The first of these UAPA cases were filed against two lawyers, Ansar Indori and Mukesh, who were part of a fact-finding team investigating the violence against minorities in the state. Charges were filed against them after the fact-finding team’s report, ‘Humanity under attack in Tripura; #Muslim lives matter’, was published which highlighted the vandalisation of at least 12 mosques, nine shops and three houses belonging to Muslims.

Following this, Tripura police arrested four members of a Delhi-based Muslim NGO, Tahreek Farogh e Islam, who carried out a visit to Tripura.
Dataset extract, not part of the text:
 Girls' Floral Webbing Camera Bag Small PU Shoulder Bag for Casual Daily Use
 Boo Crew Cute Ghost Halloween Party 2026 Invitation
All four who were charged under UAPA were sent to 14 days in police custody by Dharmanagar Court.

The 102 social media account holders (68 Twitter profiles, 32 Facebook profiles, and 2 YouTubers) who were charged under draconian UAPA, also include Jamaat-e-Islami Hind vice president Mohammad Salim Engineer, former Delhi Minorities Commission chairman Zafarul Islam Khan, Popular Front of India general secretary Anis Ahmed, Students Islamic Organisation of India national president Salman Ahmad and activist Sharjeel Usmani.

The cases were first filed at the West Agartala police station and were subsequently transferred to Tripura’s crime branch. 

Tripura’s BJP government and state police have been claiming that there was no law and order problem in the state and no mosques were burnt by Hindutva groups despite media including Maktoob reported several anti-Muslim crimes across the northeast state.

Maktoob reported more than two dozen hate crimes against Muslims including mosque vandalisation, attacks against Muslim houses, shops, and hawkers, molesting Muslim women, and anti-Muslim and genocidal slogans during the rallies.